Directions >>
Give every line of the data again, exactly.

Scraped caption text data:
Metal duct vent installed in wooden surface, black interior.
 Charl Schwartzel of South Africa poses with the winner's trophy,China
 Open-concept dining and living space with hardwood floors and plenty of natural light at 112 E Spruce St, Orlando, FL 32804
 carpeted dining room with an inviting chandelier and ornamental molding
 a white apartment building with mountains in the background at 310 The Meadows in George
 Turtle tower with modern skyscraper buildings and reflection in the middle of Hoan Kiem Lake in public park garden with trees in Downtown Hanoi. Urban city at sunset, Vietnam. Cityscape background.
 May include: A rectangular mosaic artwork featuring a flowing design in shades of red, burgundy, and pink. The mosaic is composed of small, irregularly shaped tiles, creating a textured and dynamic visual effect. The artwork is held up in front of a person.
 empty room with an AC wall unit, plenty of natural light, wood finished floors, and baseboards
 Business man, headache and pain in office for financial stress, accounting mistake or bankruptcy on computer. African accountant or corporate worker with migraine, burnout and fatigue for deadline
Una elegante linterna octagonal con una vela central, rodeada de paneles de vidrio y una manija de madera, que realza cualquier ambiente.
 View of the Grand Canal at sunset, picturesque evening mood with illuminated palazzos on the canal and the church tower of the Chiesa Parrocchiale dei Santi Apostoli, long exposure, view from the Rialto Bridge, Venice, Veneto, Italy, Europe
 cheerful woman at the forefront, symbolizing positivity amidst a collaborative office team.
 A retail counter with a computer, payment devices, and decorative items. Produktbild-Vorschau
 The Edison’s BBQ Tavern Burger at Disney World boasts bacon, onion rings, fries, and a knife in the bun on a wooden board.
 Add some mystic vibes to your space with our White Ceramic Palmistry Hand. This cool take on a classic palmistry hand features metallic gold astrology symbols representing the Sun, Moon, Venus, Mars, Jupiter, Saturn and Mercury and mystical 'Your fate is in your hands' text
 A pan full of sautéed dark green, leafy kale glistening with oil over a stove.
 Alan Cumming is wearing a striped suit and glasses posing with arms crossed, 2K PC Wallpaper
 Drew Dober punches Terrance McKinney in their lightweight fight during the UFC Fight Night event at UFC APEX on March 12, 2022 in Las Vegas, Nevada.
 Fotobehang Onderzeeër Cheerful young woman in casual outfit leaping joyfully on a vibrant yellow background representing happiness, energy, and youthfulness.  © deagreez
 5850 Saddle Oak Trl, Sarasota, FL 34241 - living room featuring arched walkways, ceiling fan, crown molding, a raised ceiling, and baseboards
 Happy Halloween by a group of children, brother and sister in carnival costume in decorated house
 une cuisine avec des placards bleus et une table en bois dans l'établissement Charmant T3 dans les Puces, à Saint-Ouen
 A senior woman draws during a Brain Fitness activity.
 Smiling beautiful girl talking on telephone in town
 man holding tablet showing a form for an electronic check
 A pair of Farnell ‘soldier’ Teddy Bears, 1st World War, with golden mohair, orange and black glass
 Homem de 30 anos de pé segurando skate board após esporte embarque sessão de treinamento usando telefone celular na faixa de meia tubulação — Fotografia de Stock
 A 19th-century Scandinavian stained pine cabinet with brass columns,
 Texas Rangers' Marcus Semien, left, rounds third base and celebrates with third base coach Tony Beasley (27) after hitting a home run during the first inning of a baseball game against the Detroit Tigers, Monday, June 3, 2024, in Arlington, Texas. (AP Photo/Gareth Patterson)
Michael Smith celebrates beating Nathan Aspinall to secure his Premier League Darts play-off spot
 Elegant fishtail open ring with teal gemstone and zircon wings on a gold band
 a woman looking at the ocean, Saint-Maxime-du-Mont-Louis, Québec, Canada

Task result >>
Metal duct vent installed in wooden surface, black interior.
 Charl Schwartzel of South Africa poses with the winner's trophy,China
 Open-concept dining and living space with hardwood floors and plenty of natural light at 112 E Spruce St, Orlando, FL 32804
 carpeted dining room with an inviting chandelier and ornamental molding
 a white apartment building with mountains in the background at 310 The Meadows in George
 Turtle tower with modern skyscraper buildings and reflection in the middle of Hoan Kiem Lake in public park garden with trees in Downtown Hanoi. Urban city at sunset, Vietnam. Cityscape background.
 May include: A rectangular mosaic artwork featuring a flowing design in shades of red, burgundy, and pink. The mosaic is composed of small, irregularly shaped tiles, creating a textured and dynamic visual effect. The artwork is held up in front of a person.
 empty room with an AC wall unit, plenty of natural light, wood finished floors, and baseboards
 Business man, headache and pain in office for financial stress, accounting mistake or bankruptcy on computer. African accountant or corporate worker with migraine, burnout and fatigue for deadline
Una elegante linterna octagonal con una vela central, rodeada de paneles de vidrio y una manija de madera, que realza cualquier ambiente.
 View of the Grand Canal at sunset, picturesque evening mood with illuminated palazzos on the canal and the church tower of the Chiesa Parrocchiale dei Santi Apostoli, long exposure, view from the Rialto Bridge, Venice, Veneto, Italy, Europe
 cheerful woman at the forefront, symbolizing positivity amidst a collaborative office team.
 A retail counter with a computer, payment devices, and decorative items. Produktbild-Vorschau
 The Edison’s BBQ Tavern Burger at Disney World boasts bacon, onion rings, fries, and a knife in the bun on a wooden board.
 Add some mystic vibes to your space with our White Ceramic Palmistry Hand. This cool take on a classic palmistry hand features metallic gold astrology symbols representing the Sun, Moon, Venus, Mars, Jupiter, Saturn and Mercury and mystical 'Your fate is in your hands' text
 A pan full of sautéed dark green, leafy kale glistening with oil over a stove.
 Alan Cumming is wearing a striped suit and glasses posing with arms crossed, 2K PC Wallpaper
 Drew Dober punches Terrance McKinney in their lightweight fight during the UFC Fight Night event at UFC APEX on March 12, 2022 in Las Vegas, Nevada.
 Fotobehang Onderzeeër Cheerful young woman in casual outfit leaping joyfully on a vibrant yellow background representing happiness, energy, and youthfulness.  © deagreez
 5850 Saddle Oak Trl, Sarasota, FL 34241 - living room featuring arched walkways, ceiling fan, crown molding, a raised ceiling, and baseboards
 Happy Halloween by a group of children, brother and sister in carnival costume in decorated house
 une cuisine avec des placards bleus et une table en bois dans l'établissement Charmant T3 dans les Puces, à Saint-Ouen
 A senior woman draws during a Brain Fitness activity.
 Smiling beautiful girl talking on telephone in town
 man holding tablet showing a form for an electronic check
 A pair of Farnell ‘soldier’ Teddy Bears, 1st World War, with golden mohair, orange and black glass
 Homem de 30 anos de pé segurando skate board após esporte embarque sessão de treinamento usando telefone celular na faixa de meia tubulação — Fotografia de Stock
 A 19th-century Scandinavian stained pine cabinet with brass columns,
 Texas Rangers' Marcus Semien, left, rounds third base and celebrates with third base coach Tony Beasley (27) after hitting a home run during the first inning of a baseball game against the Detroit Tigers, Monday, June 3, 2024, in Arlington, Texas. (AP Photo/Gareth Patterson)
Michael Smith celebrates beating Nathan Aspinall to secure his Premier League Darts play-off spot
 Elegant fishtail open ring with teal gemstone and zircon wings on a gold band
 a woman looking at the ocean, Saint-Maxime-du-Mont-Louis, Québec, Canada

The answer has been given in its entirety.